But Google's Trekker off-road camera is proving less controversial because it has the blessing of India's ASI.
'Internet as memory'
The Taj Mahal project is just one example of how the holiday and tourist industries are using technology to promote and enhance their offerings in an age when about 80% of holidaymakers research their trips online first before making a booking.
UK-based travel operator Thomas Cook, for example, has launched a range of SunConnect hotels featuring ubiquitous wi-fi connectivity and interactive games lounges for teenagers.
"Our holiday market is changing," explains John Straw, chairman of Thomas Cook's advisory board.
"It's all about sharing the experience in real time these days - we're using the internet as our memory. Soon wearable computing will record all our holiday experiences for us almost in real time, so that we can replay them later and relive the whole experience."
Mr Straw envisages Google Glass-like technology featuring facial recognition software becoming embedded into sunglasses, helping holidaymakers see if they have social media friends in common when they're socialising at the hotel bar, for example.
Online virtual tours of hotels and resorts are an increasingly important way holiday companies market their products, he says.
Inner space travel?
Long-haul airlines are increasingly incorporating hi-tech in-flight entertainment systems in their aircraft, such as touchscreen handsets, broadband connectivity, and video-on-demand via HD TV screens.
Futuristic concept planes feature virtual reality screens instead of windows, while space leisure travel draws closer thanks to investment from the likes of Elon Musk's SpaceX company, and Sir Richard Branson's Virgin Galactic.

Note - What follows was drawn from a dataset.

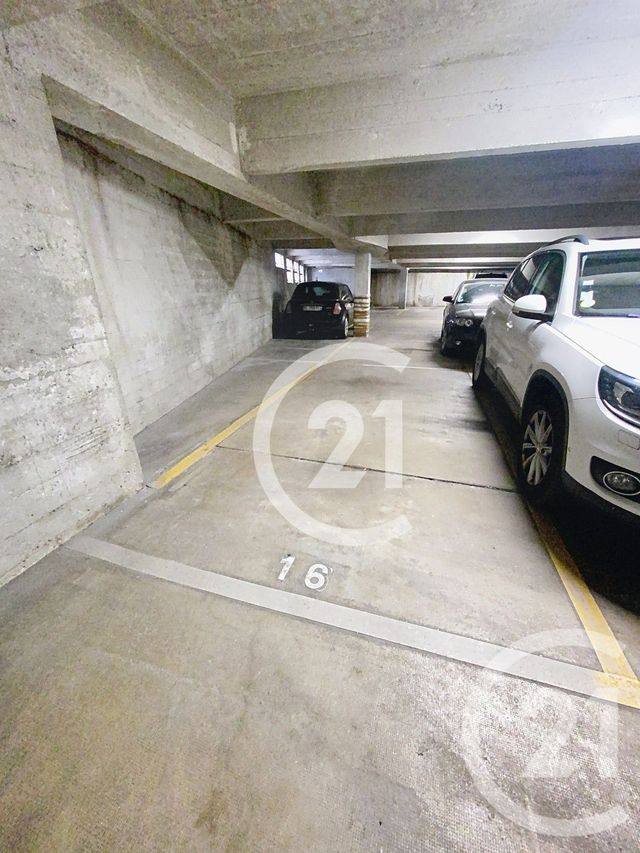 parking - ROUEN - 76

"At present, leisure space travel is in its infancy, but the history of the travel industry shows that when there exists a clear public appetite for a destination or experience, a combination of technological and entrepreneurial know-how will make it happen," says Victoria Bacon, head of communications for the Association of British Travel Agents (Abta).
But are we getting close to the stage where virtual reality could potentially replace real world holidays altogether?
"We can supply 360-degree high-definition visuals above and below, smells, sound and heat," says Stuart Hetherington, chief executive of Holovis, an immersive technology specialist.
"We can certainly create the fantasy of sitting on a beach or exploring a jungle."
In future, the walls of our homes could become giant TV screens giving us an extremely vivid 3D "staycation" experience, he believes.
"But I think virtual vacations are still a long way off," he admits.
Ten years from now, it may be possible to manipulate images directly in the brain to create a hyper-realistic virtual experience, he speculates.
But fans of the sci-fi film Total Recall, starring Arnold Schwarzenegger and featuring ill-fated virtual holidays to Mars, may hope that day never dawns.